(Stored records)
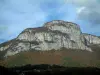マッシフデザボグス - マッシフデボージュの地域自然公園：森林を見下ろす石灰岩の崖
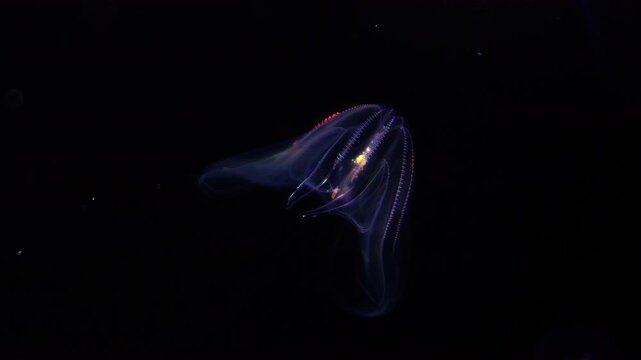 Bioluminescent Jellyfish Warty Comb Jelly Floating Under Purple Lighting Extreme Closeup of Mnemiopsis Leidyi 2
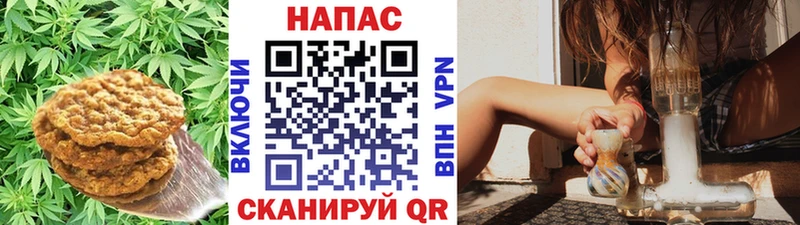 мега как зайти  хочу   Медынь  Еда ТГК марихуана 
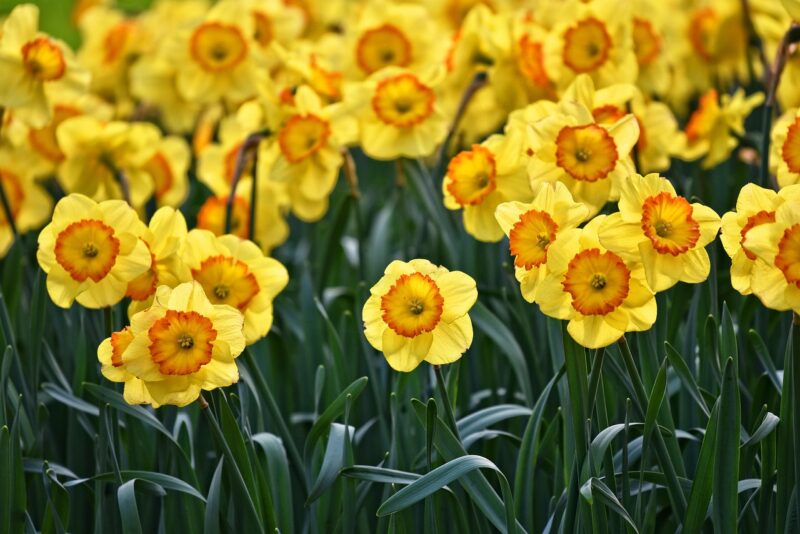 A bunch of yellow and orange daffodils growing. Image by Mabel Amber, Pixabay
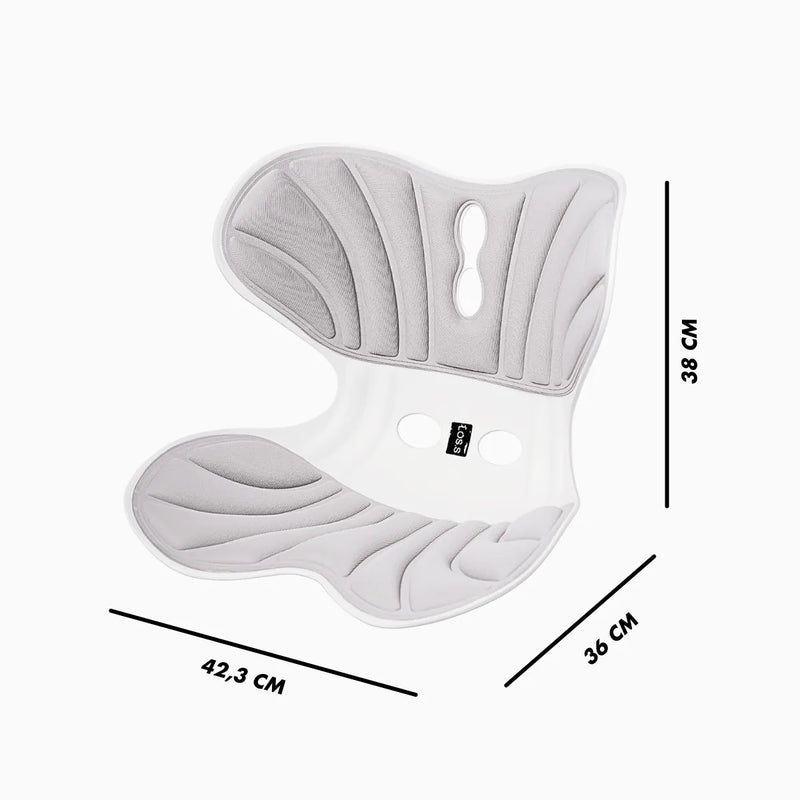 Almofada de Apoio Lombar Cadeira Correção de Coluna GG - CIN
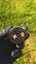 Small image 9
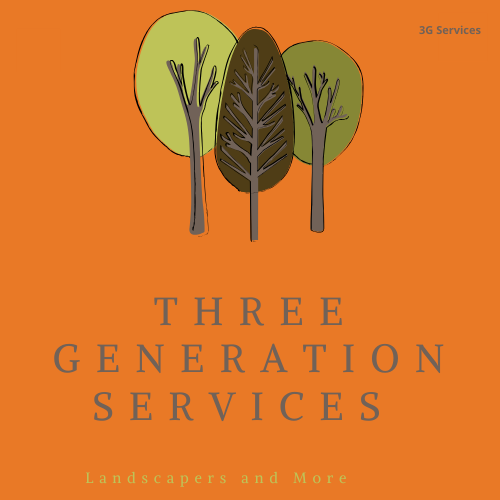 Three Generation Services logo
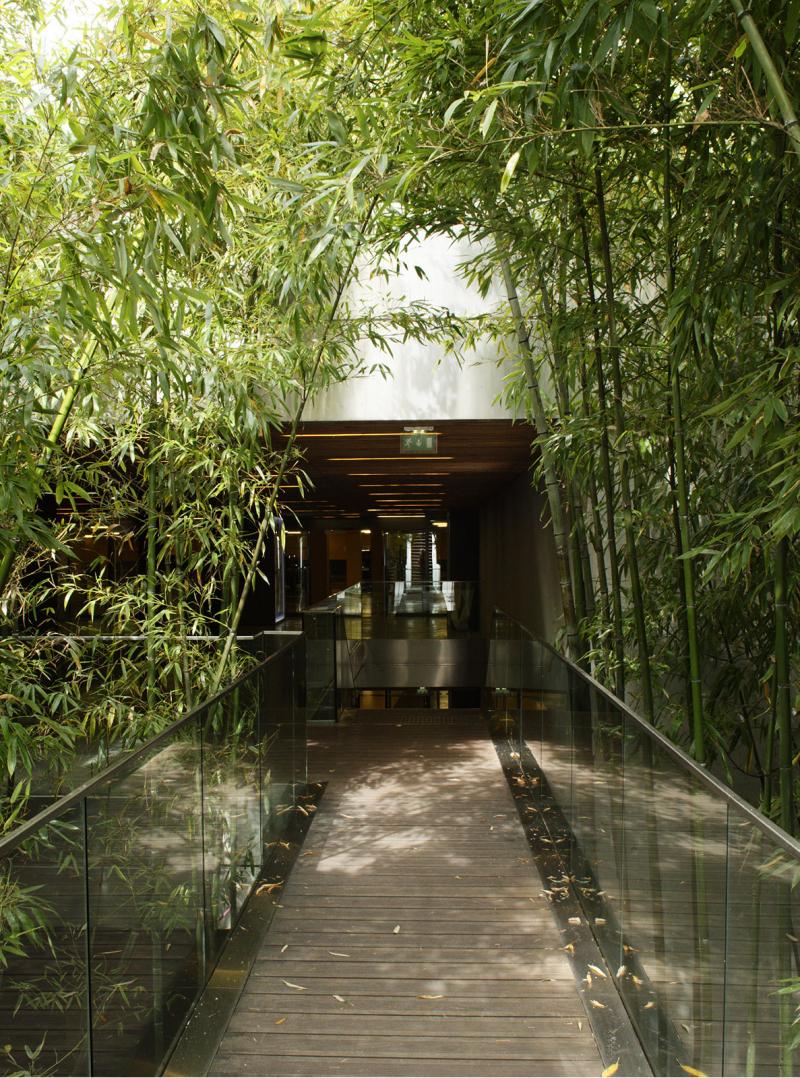 Pour rejoindre les parkings souterrains, les bambous plantés dans les trémies nous accueillent sous leur voûte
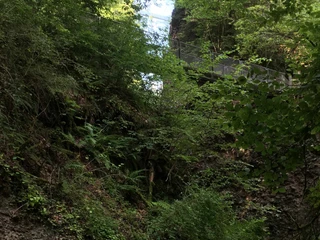 themenweg-gummischlucht-gunten-bruecke.jpg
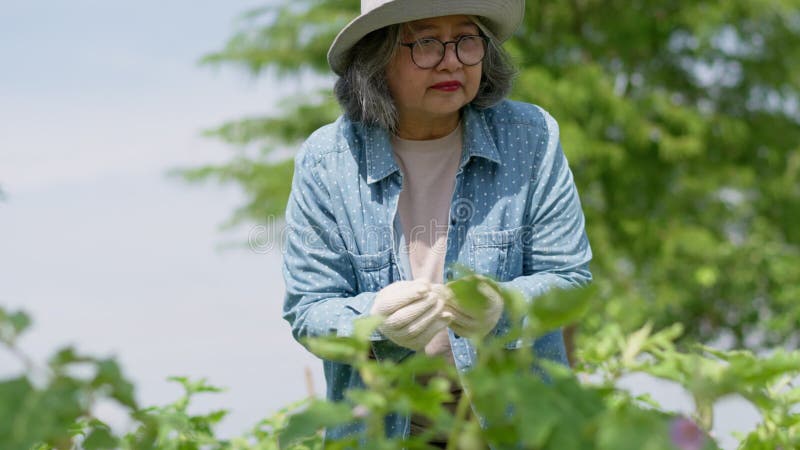 Feliz y activa mujer de edad avanzada asiática trabajando en su granja de vegetales orgánicos. nueva ocupación y hobby después de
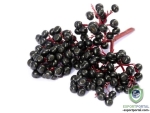 Elderberry Extract (Sambucus Nigra) 10%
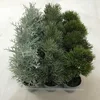 Hot Selling 21 cm (H) Mixed 3 Styles Pine & Pine Cone/Noble Pine/Flocked Grass on Plastic Pot x 12 pcs per Tray Artificial Plant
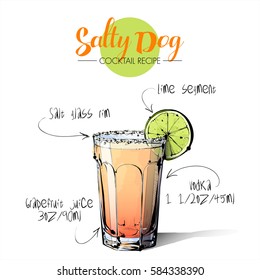 Hand drawn illustration of cocktail Salty dog. Vector collection.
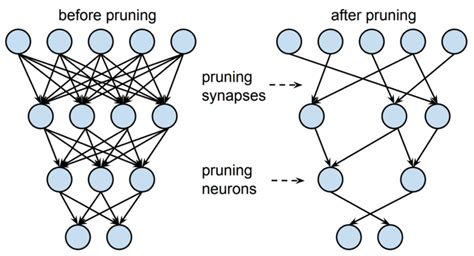 Dimensionality Reduction In Machine Learning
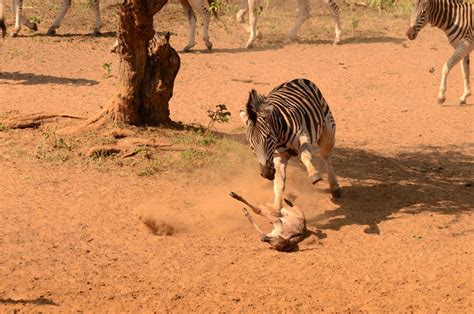 Zebra attack wildebeest calf - Africa Geographic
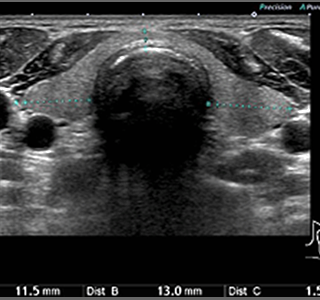 診療案内｜耳鼻咽喉科さがわクリニック｜京都市西京区新林センター前にある耳鼻咽喉科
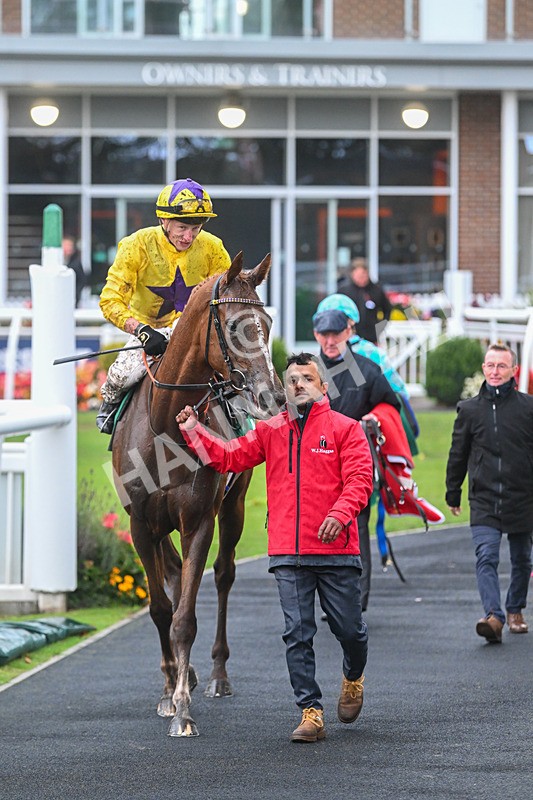 150925-Race 6-Day Of Grace-3183 - Race 6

## [WORK ITEM]
The entries are to be transcribed in full. Their pictures are not.

## [FINAL ANSWER]
マッシフデザボグス - マッシフデボージュの地域自然公園：森林を見下ろす石灰岩の崖
 Bioluminescent Jellyfish Warty Comb Jelly Floating Under Purple Lighting Extreme Closeup of Mnemiopsis Leidyi 2
 мега как зайти  хочу   Медынь  Еда ТГК марихуана 
 A bunch of yellow and orange daffodils growing. Image by Mabel Amber, Pixabay
 Almofada de Apoio Lombar Cadeira Correção de Coluna GG - CIN
 Small image 9
 Three Generation Services logo
 Pour rejoindre les parkings souterrains, les bambous plantés dans les trémies nous accueillent sous leur voûte
 themenweg-gummischlucht-gunten-bruecke.jpg
 Feliz y activa mujer de edad avanzada asiática trabajando en su granja de vegetales orgánicos. nueva ocupación y hobby después de
 Elderberry Extract (Sambucus Nigra) 10%
 Hot Selling 21 cm (H) Mixed 3 Styles Pine & Pine Cone/Noble Pine/Flocked Grass on Plastic Pot x 12 pcs per Tray Artificial Plant
 Hand drawn illustration of cocktail Salty dog. Vector collection.
 Dimensionality Reduction In Machine Learning
 Zebra attack wildebeest calf - Africa Geographic
 診療案内｜耳鼻咽喉科さがわクリニック｜京都市西京区新林センター前にある耳鼻咽喉科
 150925-Race 6-Day Of Grace-3183 - Race 6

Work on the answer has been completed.